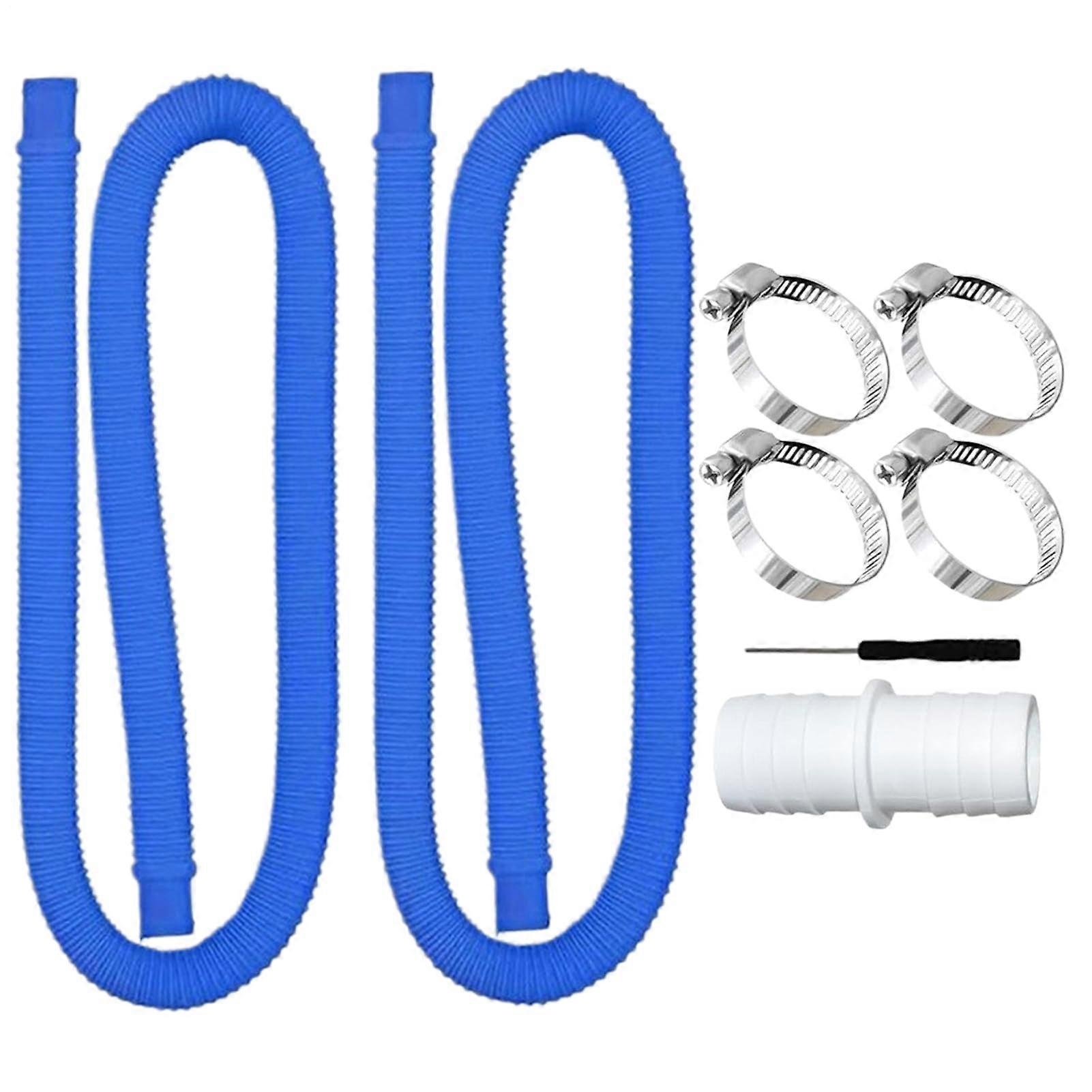 Pool hoses Hose for aboveground pools 39 inches Flexible with 4 clamp connections, spa connections for manual suction, waterfall, blue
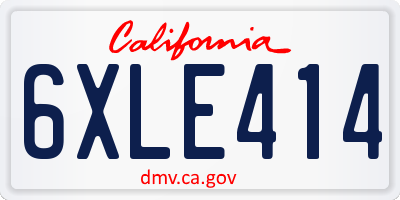 CA license plate 6XLE414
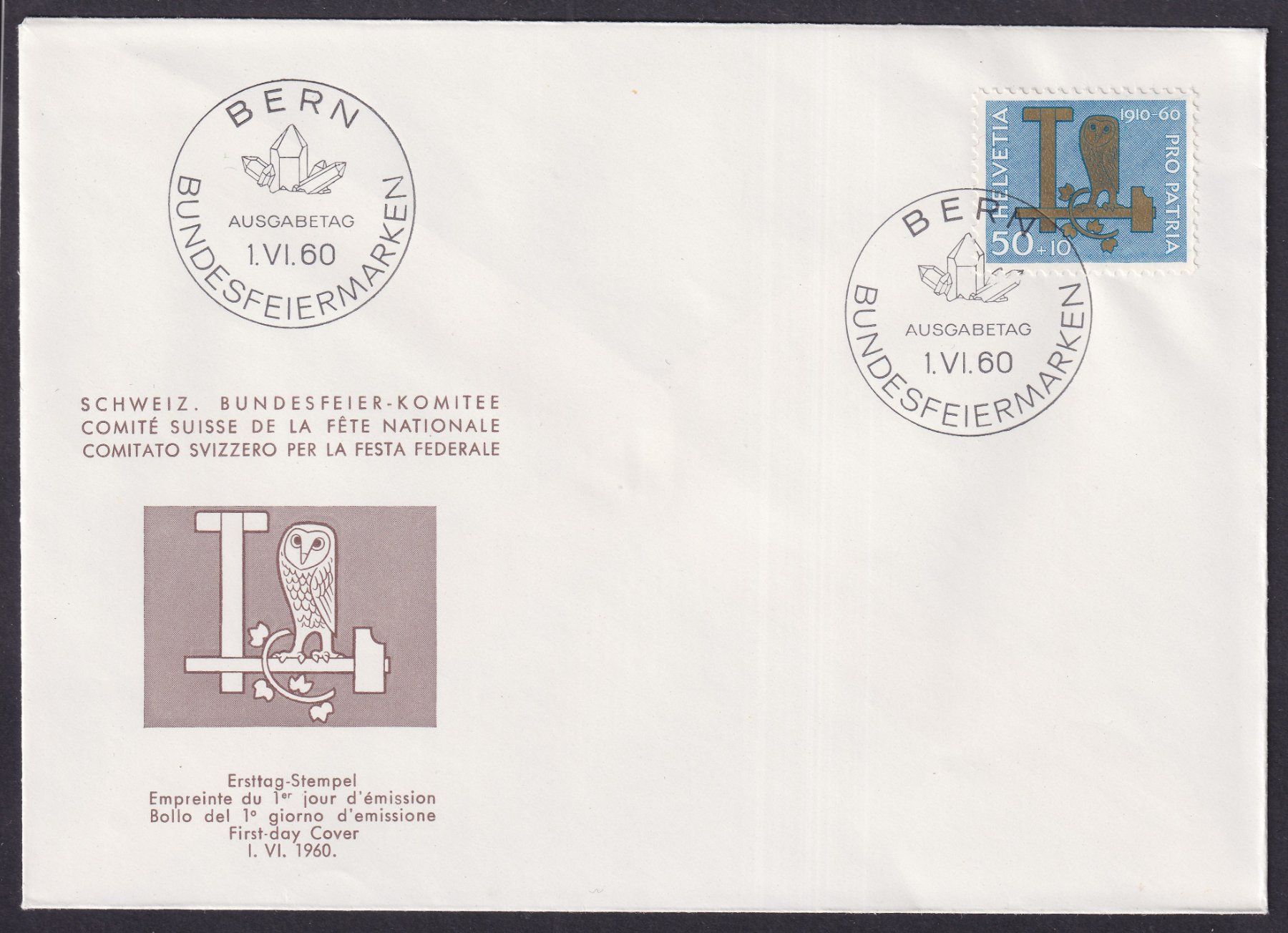 Tutti i francobolli: 1960, B96-B100 illustrierte Komitee FDC, adresslos, Kat:75.- – Usato da Sursee venduto da Luzernerraute 5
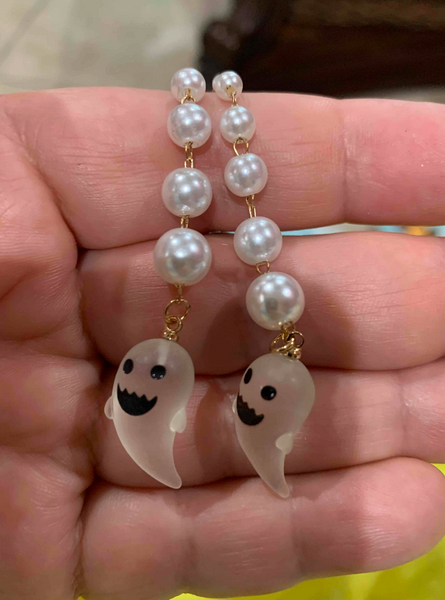 Long Faux Pearl Dangle Ghost Earrings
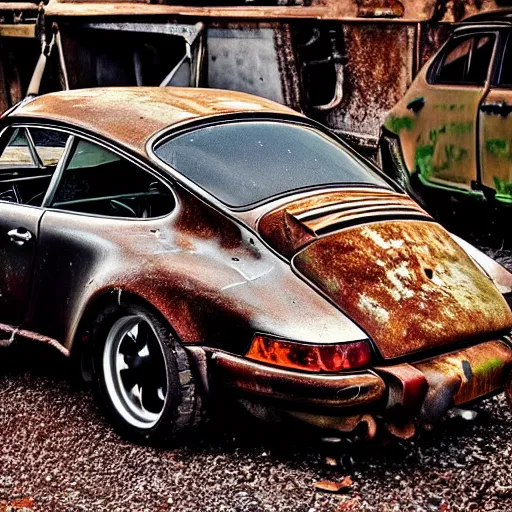 Image similar to rusty, scrap, salvage, junk 9 1 1 porsche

____

[TASK] Everything in the data except the pictures must be retyped exactly.

[PROBLEM SOLUTION]
 Pool hoses Hose for aboveground pools 39 inches Flexible with 4 clamp connections, spa connections for manual suction, waterfall, blue
 CA license plate 6XLE414
 Tutti i francobolli: 1960, B96-B100 illustrierte Komitee FDC, adresslos, Kat:75.- – Usato da Sursee venduto da Luzernerraute 5
 Long Faux Pearl Dangle Ghost Earrings
 Image similar to rusty, scrap, salvage, junk 9 1 1 porsche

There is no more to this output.